USC Suzanne Dworak-Peck School of Social Work
- Type: Private
- Established: 1920
- Parent institution: University of Southern California
- Dean: Sarah Gehlert
- Academic staff: 114
- Postgraduates: 3215
- Doctoral students: 38
- Location: Los Angeles, California, United States
- Website: dworakpeck.usc.edu

= USC Suzanne Dworak-Peck School of Social Work =

School

The USC Suzanne Dworak-Peck School of Social Work at the University of Southern California, was founded in 1920 as USC's School of Social Work. The school's only location is in Los Angeles, California.

According to school officials, the facility has 114 faculty teaching an estimated 3,500 enrolled students It also has the oldest MSW and PhD of Social Work programs in the West.

The school was renamed the USC Suzanne Dworak-Peck School of Social Work in 2016, after USC alumnus Suzanne Dworak-Peck donated $60 million to the school. It is the largest donation ever to a school of social work.

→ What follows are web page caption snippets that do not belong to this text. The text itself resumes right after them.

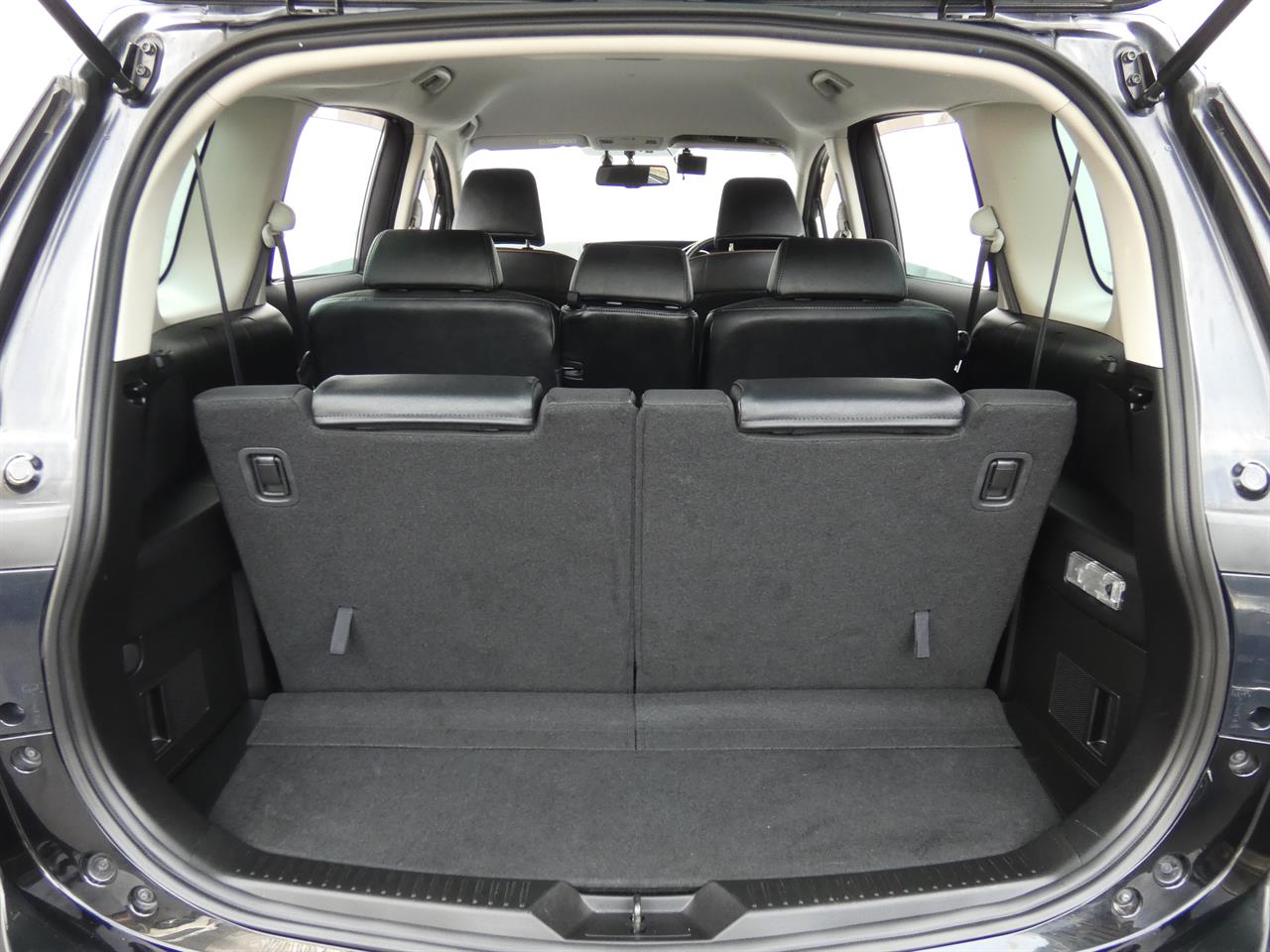 2016 Mazda Premacy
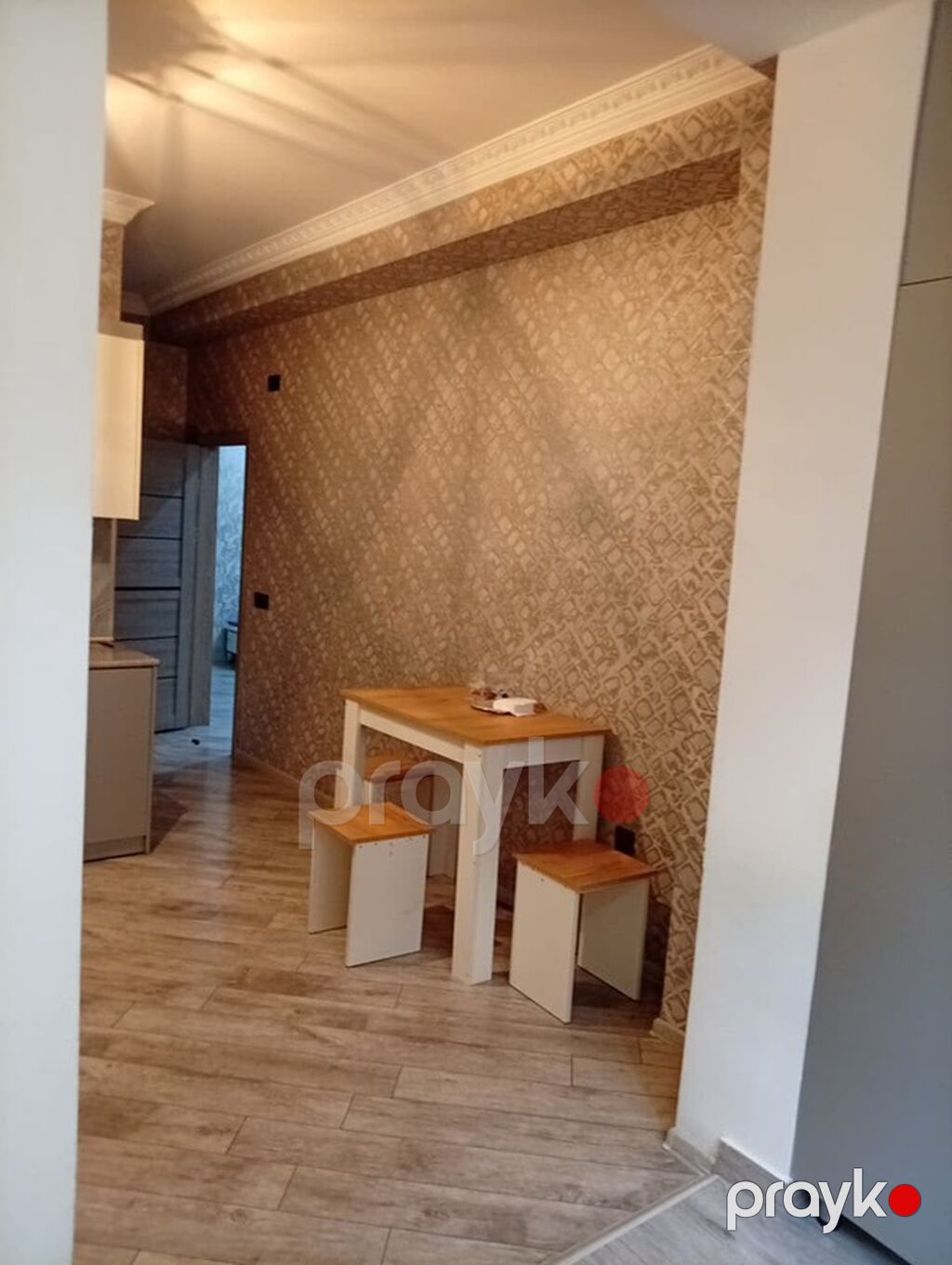 Mənzil – zövqlü təmirli, geniş və işıqlı planlama - Geniş qonaq — Mənzil, Bakı (3)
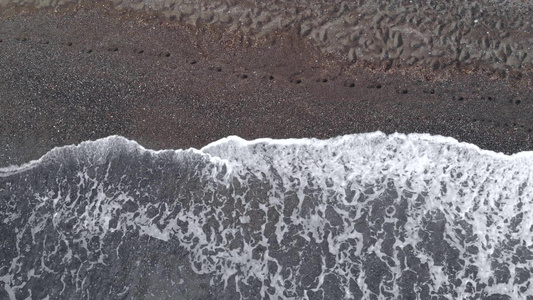 岛的黑沙滩上的海浪视频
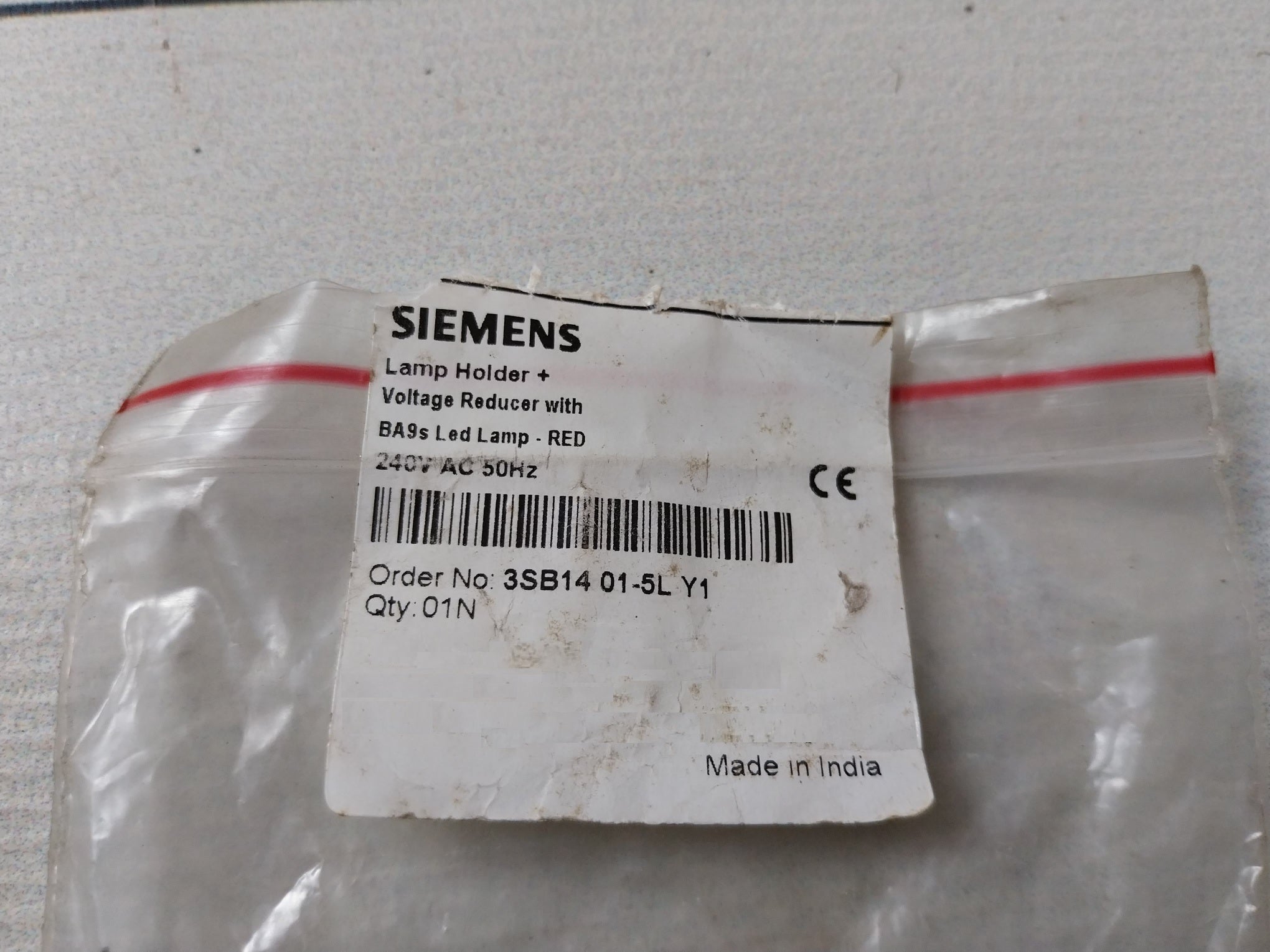 Siemens 3Sb14 01-5L Y1 Lamp Holder + Voltage Reducer 240V Ac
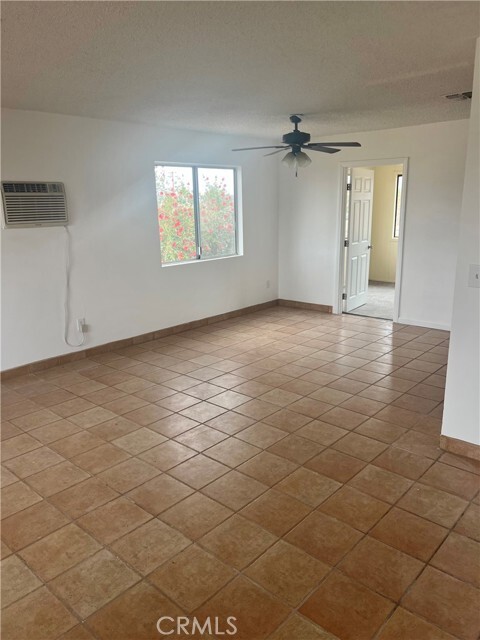 Foto del edificio - 58573 Sunflower Dr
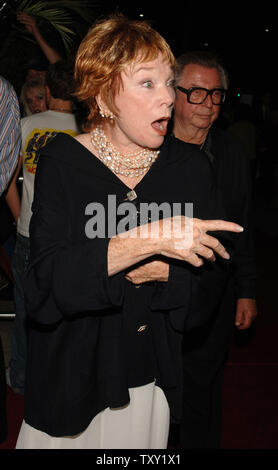 L'actrice Shirley MacLaine arrive pour le Los Angeles première mondiale de la motion picture comédie dramatique "dans ses chaussures" à l'Academy of Motion Pictures Arts and Sciences, à Los Angeles, Californie le 28 septembre 2005. Le film est tiré du roman de Jennifer Weiner et raconte l'histoire de party girl Maggie Feller, joué par Diaz et sa tête-sur-droites sœur Rose, joué par Collette. Le film s'ouvre aux États-Unis le 7 octobre 2005. (Photo d'UPI/Jim Ruymen) Banque D'Images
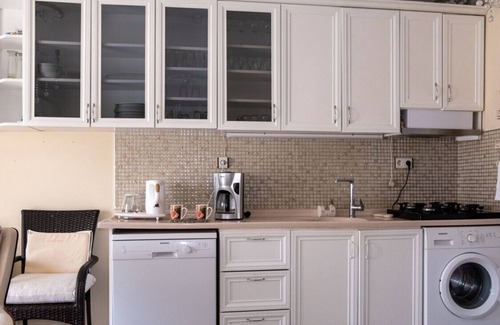 Mentese Apartment | Lovely Apartment 1-Min Walk to Beach in Marmaris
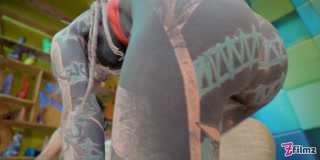 Tattooed Girls Alternative Teen double team the Tattooed guy to Satisfy Him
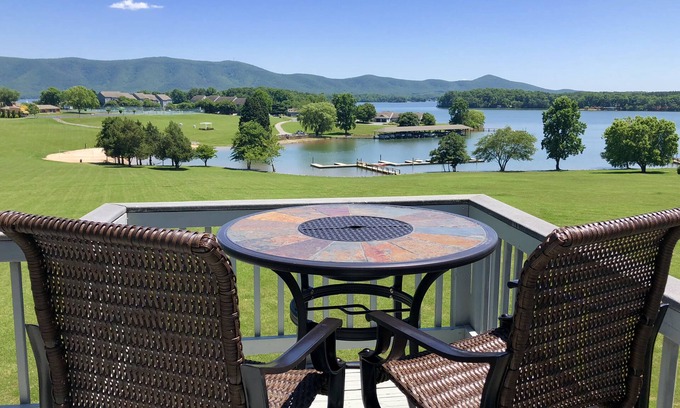North Shore Condo | AUG 19-21 AVAIL-REALLY THE BEST VIEW @BERNARDS LANDING-BOOK NOW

The program is ranked #67 by the 2024 U.S. News & World Report Best Colleges Ranking, and offers a Doctor of Social Work degree, as well as a Master of Social Work degree.

==Notable alumni==
- Laura Chick, California Inspector General
- Doria Ragland, Yoga instructor, social worker, and mother of Meghan, Duchess of Sussex
- Ira Wohl, Academy Award winner for his 1979 film, Best Boy
- Karen Bass, Mayor of Los Angeles since 2022, Member of the House of Representatives from California's 37th congressional district from 2011-2022

==California Social Work Hall of Distinction ==

The California Social Work Hall of Distinction was established in 2002 to honor those involved in bringing about the betterment of society and to ensure that the contributions of social work leaders, innovators and pioneers would be recognized and preserved for the future. It is located in the Montgomery Ross Fisher building on USC campus.